第91話 ハルカに弁当を作ってあげよう

 

 秋・・・


 秋と言えば色々思い浮かぶだろう・・・


 その中でも・・・


 やっぱり代表的なのは・・・


 スポ


「やっぱり秋って言えば食欲の秋よね!」

 金曜日、帰りのホームルームの後。

 教室内にハルカの声が響き渡った。クラスメイト全員に聞こえるようにだ。

「というわけでみんな!来週の月曜日、一人一個あたしの為に手作り弁当を用意してもらえるかしら。評価してあげる。」

 おいおい、何様だ?何かとてもハルカらしくない言い回しだが・・・

 ともあれクラスメイト達はカンカンだ。

「何よ!あんたに弁当作ってやる義理なんてないでしょ!」

「そーだそーだ!何上から目線で言ってんのよ!」

「あんたがこんな娘だとは思わなかったわ!もうあたしに関わらないで!」

 当然ながら散々言われるハルカ。あのマユリですら嫌な顔をしている。しかし、ハルカは余裕の表情だ。

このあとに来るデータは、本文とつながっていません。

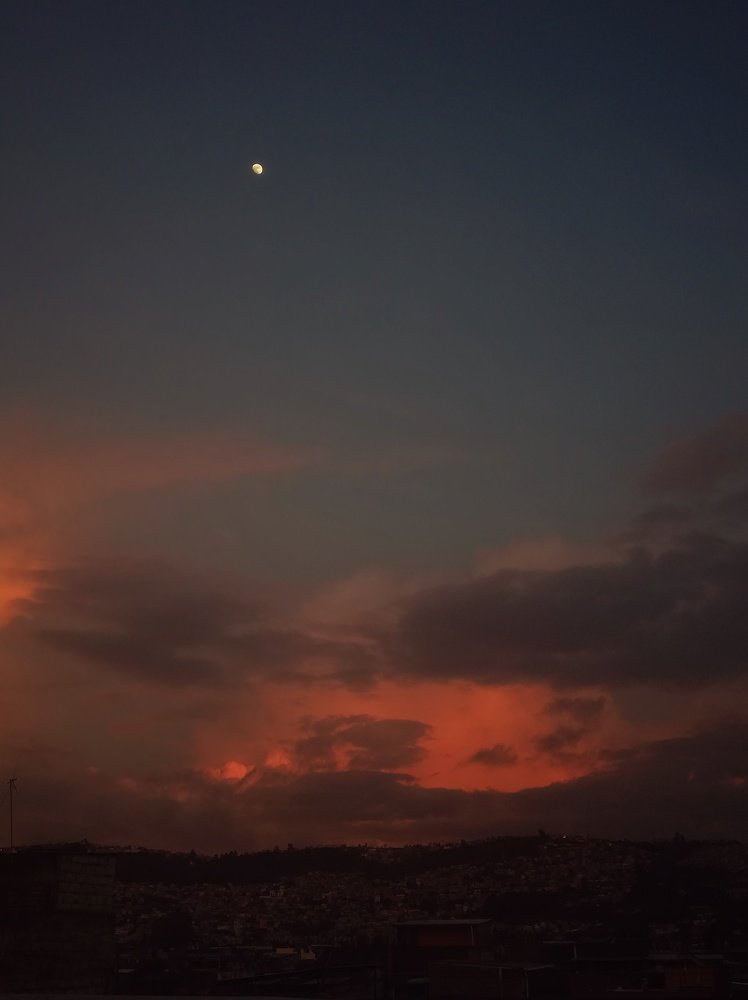 Photograph by Genesis Vivas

「まあまあ。落ち着いて聞きなさい。何もタダでお弁当作ってきてって言ってるわけじゃないの。作ってきてくれたらこれをあげるわ。」

 そう言うと、ハルカはカバンの中から一枚の写真を取り出した。そこに写っていたのは・・・

『!!それは!!』

 クラス中が震撼する。特にマユリは開いた口が塞がらなかった。

「そう、マユリの写真よ。作ってきてくれた人達には一律でこの写真をあげる。そして更に!あたしの舌を唸らせたトップオブトップのお弁当を作ってこれたなら、拡散厳禁、禁断のマユリ写真を進呈しましょう。」

「何言ってんの!?」

 あまりにも人の気持ちを考えないハルカの言動に、さすがのマユリも声をあげた。だが、ハルカは掌をマユリに向けその行動を制する。


 ?


 何かあるの?


 マユリは察し、言葉を詰むんだ。静まり返る教室。


 そして・・・


「わかった!作るよ!」

「つ、作ってくればその写真はもらえるんでしょ?ならやらない手はないわね。」

「わかったわよ!作ってくればいいんでしょ!作ってくれば!」

 次々に参加者の声が上がってくる。そんな中。

「あ~、あたしはパス。別に料理得意って訳じゃないし。それに、かわいこちゃんは実物を見るのに限るからね。」

 マユリに向けウインクすると、ヒビキは早々と戦線を離脱する。わかってましたとばかりにハルカはそんなヒビキの側に行き、コソコソと耳打ちする。ヒビキは少し目を大きくするが、冷静な態度は崩さず軽く頷いた。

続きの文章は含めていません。